What is required: What you write should match, word for word, the lines from the one containing "Pasta and vegetables gratin" through the end of the data, with no pictures.

Segment Start: Listed entries

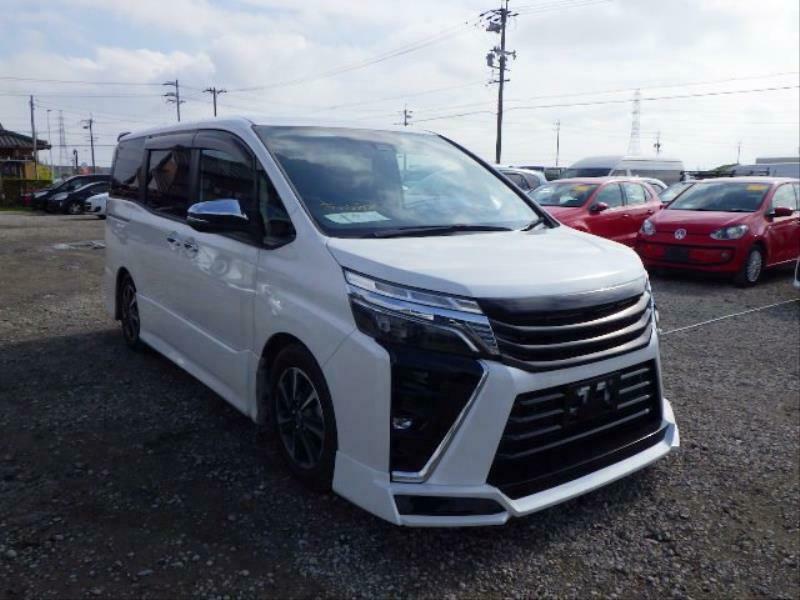 TOYOTA　VOXY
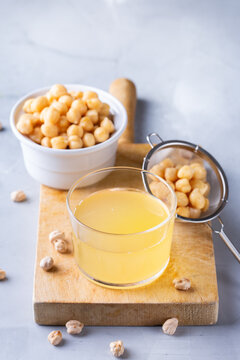 Chickpea Aquafaba, vegan egg substitute to cook meringue 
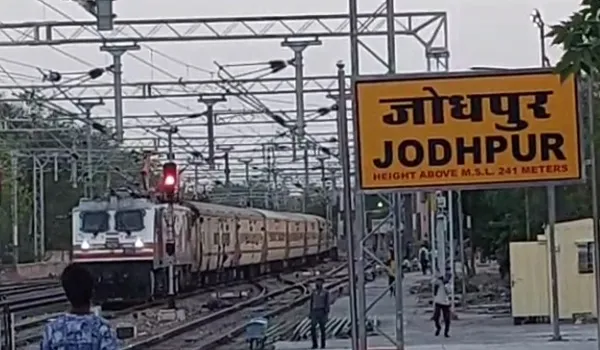 जोधपुर रेल प्रशासन ने रामदेवरा मेले में जाने वाले जातरुओं के लिए सतर्कता बरतने की दी सलाह, कहा- ट्रेनों की छत पर चढ़े तो हो सकता है हादसा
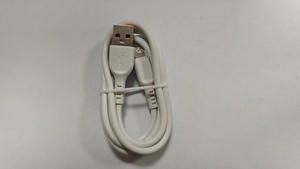 Cavo TPE di Alta Qualità <span class=keywords><strong>per</strong></span> Ricarica Rapida 3A <span class=keywords><strong>per</strong></span> Serie <span class=keywords><strong>iPhone</strong></span> 8-14, 1 <span class=keywords><strong>Metro</strong></span>, Connettore USB 2.0 <span class=keywords><strong>per</strong></span> Telefoni, Computer e Fotocamere - Product Image 2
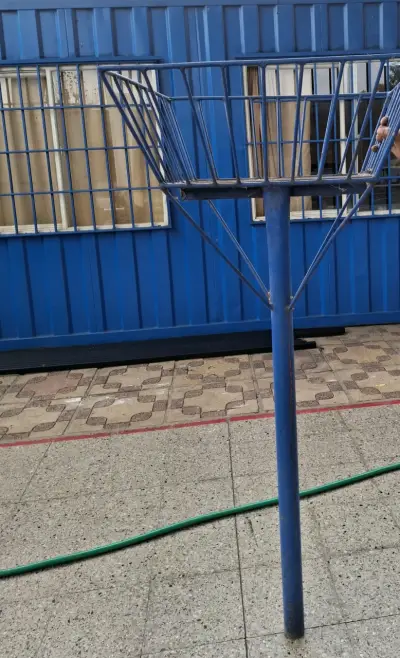 Basurero de fierro - miniatura 1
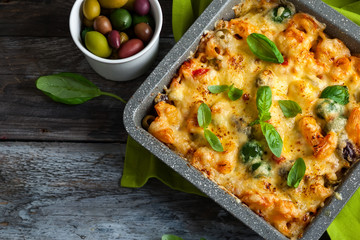 Pasta and vegetables gratin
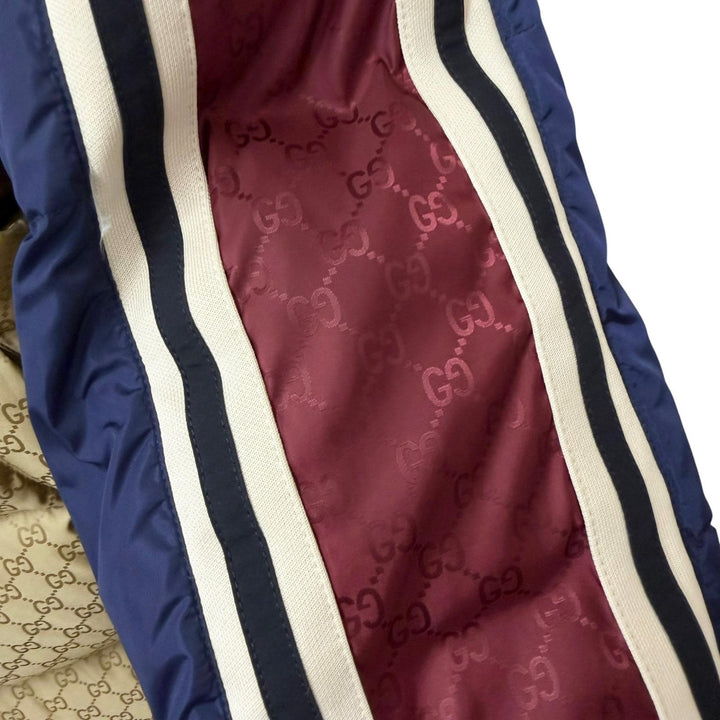 Pristine GUCCI down coat Logo print, side stripe, hooded beige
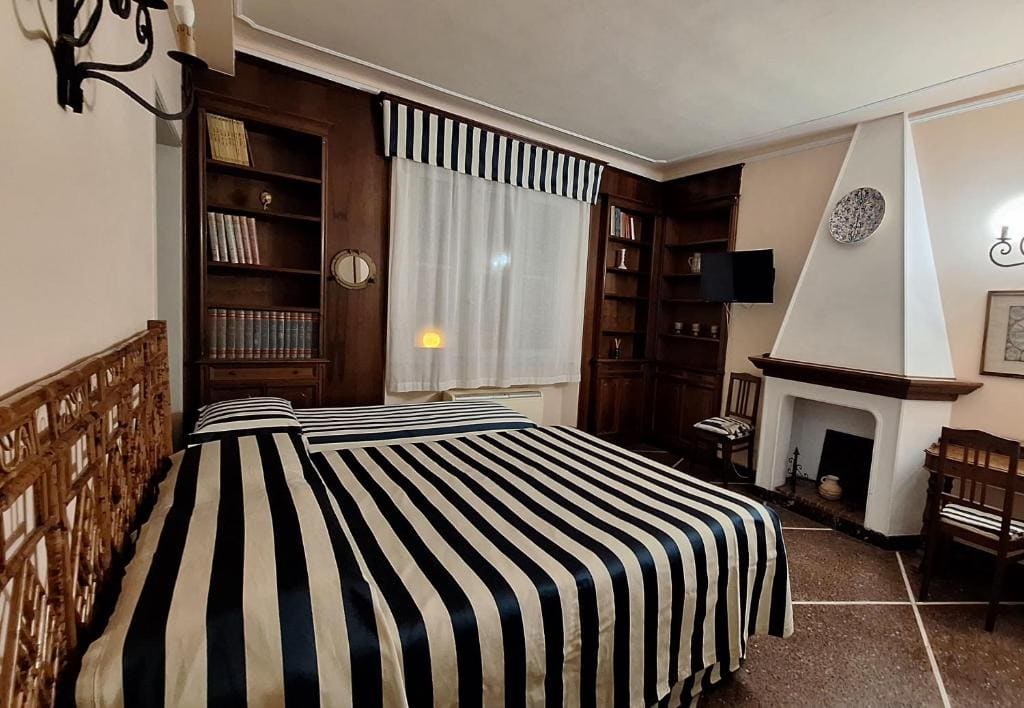 Triple Room with Private Bathroom room - Image 2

Segment End: Listed entries

Exercise response:
 Pasta and vegetables gratin
 Pristine GUCCI down coat Logo print, side stripe, hooded beige
 Triple Room with Private Bathroom room - Image 2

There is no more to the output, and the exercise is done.